Review of Wanted

Wanted (1967)
8/10
Well-Produced, Smoothly Helmed Spaghetti Western
20 August 2012
Warning: Spoilers
"For A Few Extra Dollars" director Giorgio Ferroni's Spaghetti western "Wanted" qualifies as a lively little shoot'em up about a lawman struggling to exonerate himself. "Grand Canyon Massacre" composer Gianni Ferrio furnishes Ferroni with a memorable orchestral western theme, and "A Bullet for the General" lenser Antonio Secchi makes everything appear larger-than-life. The austere Spanish mountains substitute splendidly for their far western counterparts. The artistic widescreen compositions look picture postcard beautiful, and the lighting has a soft-brown leathery look. The producers have made sure that all the sets look authentic. Although this may be a low-budget horse opera, the producers haven't scrimped on set design and production. Basically, this oater looks like a traditional American western about a lawman pitted against an elaborate gang of cattle rustlers. Nobody sports a poncho and collects bounty on men. This was Ferroni's third western, and he doesn't let the action bog down into vast stretches of dialogue. Scenes of hand-to-hand combat are adequately staged and there is a good shoot-out on the trail between an army of Mexican bandits and our heroes in a fleeing wagon. Our hero is a crack shot with a six-shooter, and "Wanted" generates a double-digit body count before its 107 minutes concludes. For the record, Ferroni even shows our hero reloading his revolver on two occasions. The look, the outfits, and the sets mimic American westerns. "Wanted" departs in one crucial respect from American westerns because it contains a surfeit of violence with its high body count. The bullet-riddled victims in gunfights pirouette and fall down with flourish when the lead hits them in the tradition of the Spaghetti western.
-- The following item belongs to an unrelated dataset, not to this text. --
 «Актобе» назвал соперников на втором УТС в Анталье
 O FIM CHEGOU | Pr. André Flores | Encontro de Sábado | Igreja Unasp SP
Roman actor Giuliano Gemma, who rose to fame on the "Ringo" westerns, does a good job as an innocent but wrongly accused sheriff framed for a murder he didn't commit. No sooner have the opening credits run than a mysterious assassin tries to bushwhack the heroic sheriff. The lawman plays possum until he sees his assassin leave. Sheriff Gary Ryan (Giuliano Gemma of "Day of Anger') interrupts an election controversy in Greenfield when he reports to Mayor Gold (Daniele Vargas), with his credentials as town sheriff. Ryan's appearance thwarts the mayor's plan to make Lloyd the sheriff. Ryan manages to escort a fortune in gold from one town to another. Suddenly, he falls out of favor with the mayor and his cronies. Ryan is accused of gunning down an unarmed man who started an argument with him. An unidentified hombre outside the room shoots the man down. After the authorities take Ryan into custody, Billy Baker (Benito Stefanelli of "Blood for a Silver Dollar") helps Ryan escape by smuggling a revolver into the jail cell. Serge Marquand makes an effective villain out to kill Gemma. Conspiring with him is Mayor Gold (Daniele Vargas of "The Stranger Returns") of Greenfield, Gold and he is thoroughly evil. In one scene, Gold batters a semi-conscious man on his death bed to death. Ryan rides to Mexico to find Jeremiah Prescott. Prescott shows Ryan how the rustling is done. Earlier, Gold has paid Jeremiah to create a brand that would not stand out after the skin was removed. Jeremiah forged modifications to all the neighboring brands so anybody's brand can be compromised. Not long afterward, Lloyd's men kill Jeremiah while his daughter watches in horror. Later, Ryan is captured on the trail by Lloyd and his gunmen. Happily, our hero is cleared when an eyewitness changes her testimony. Lloyd hightails it after this revelation and roughs up Mayor Gold. The villainous Lloyd takes a woman hostage and uses her to escape from Ryan, but she thwarts his plans. At fadeout, the hero and heroine are in each other's arms, and the villain is groveling in a pig pen.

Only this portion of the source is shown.